5. ダンジョンの発生
ようやくギルドマスターの部屋にたどり着いたエトウたちはそのまま中に通された。
そこにはギルドマスターのサイドレイクに加えて、以前、勇者パーティーの報告に同席していたグランドマスターのトライエもいた。
「お久しぶりです、トライエ様。サイドレイク様だけでなくグランドマスターもご一緒ということは、なにか大きな事件が起こったのですか?」
エトウが単刀直入に尋ねると、トライエは深くうなずく。
「王都の東、アツサ村の近くにダンジョンが発生した」
そこはB級試験の最中、街道にホブゴブリンが出てきたすぐ近くであり、ソラノが殺気混じりの視線を、アモーが気味の悪い感覚を得た場所だった。
エトウから報告があってすぐに、ギルドではC級の冒険者パーティー二組を調査に向かわせたという。そのうちの一組しかもどって来なかったが、アツサ村の近くにダンジョンの入口を発見したそうだ。
その周辺にはかなりの数のゴブリンが集まっており、アツサ村は壊滅状態。ゴブリンの数が多すぎて、生存者の確認もできない状態だったようだ。
「それはスタンピードではないのか?」
ソラノはいつもパーティーメンバーに話すような口調でトライエに尋ねた。
相手はグランドマスターなんだけどと、この非常時にも身分や立場のことを心配してしまう自分の小物ぶりに呆れながら、ソラノの言葉づかいにトライエが怒り出さないことを願うエトウだった。

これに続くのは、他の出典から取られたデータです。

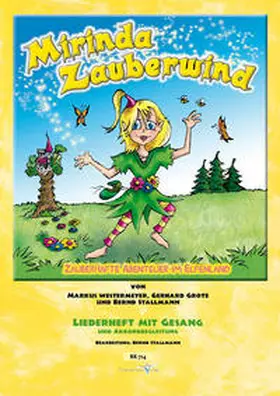  Mirinda Zauberwind (… zauberhafte Abenteuer im Elfenland) | Buch |  Sack Fachmedien
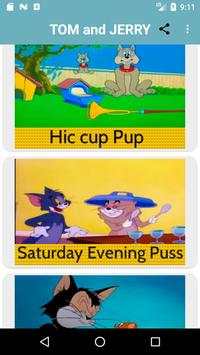 Tom & Jerry Cartoon screenshot 3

「ええ、状況的にはスタンピードの兆候が見られます。しかし、大きく育ったダンジョンならばともかく、できて間もないダンジョンを中心に魔物たちが集まるなどという話は聞いたことがありません。現場で一体なにが起きているのか、過去の事例が役に立たない状況なんです」
ギルドマスターのサイドレイクが代わりに答えた。
「新しいダンジョン、大量のゴブリン種、スタンピードの兆候」
ソラノは今起きている状況について、キーワードを出しながら考えているようだった。
「いずれにしても魔物の群れの第一陣はすでに王都の壁に迫っていたんだ。それは大した数ではなかったから、騎士団と守備兵によって撃退された。現在は魔法士団も臨時召集を行い、城壁の守りについている」
「トライエ様、すでに第一陣が王都を攻めているのですか?」
エトウは驚いて聞き返した。
「そうだ。そして、君たちを呼んだのは、魔法士団の団長がエトウくんに協力を求めているからだ。面識があるのだろう? 夢幻のピュークだよ」
エトウが勇者パーティーに加わった直後、ピュークに魔法の指導を受けたことがあった。
ピュークはエトウの補助魔法を高く評価してくれた。
周囲の話を聞くと、なにを考えているのか分からないとか、変人奇人の類いだとか散々な評判だったが、固定観念にとらわれずに魔法研究に熱中するピュークのことをエトウは好ましく感じていた。
「ええ、ピューク様には魔法の指導を受けたことがあります。そうですか、ピューク様が私のことを。分かりました、自分はどこに向かえばよいでしょうか?」
「そうか! 行ってくれるか! 東の壁と南の壁がぶつかるところに建っている尖塔にピュークはいる。そこまではギルド職員に案内させよう。どうかよろしく頼む」
エトウはパーティーメンバーを見渡して、自分がピュークに恩があることや、自分にとって好ましい人物であることを告げた。そして、ピュークが助けを求めているならば、自分はそれに応えたいと言った。
「エトウがそう言うなら私も行く」
「このまま宿に帰っても眠れない。城壁で防御を固めるなら、ウチの弓は役に立つはず」
「自分にできることがあれば命じてくれ」
三人はそれぞれエトウについていくことを伝えたのだった。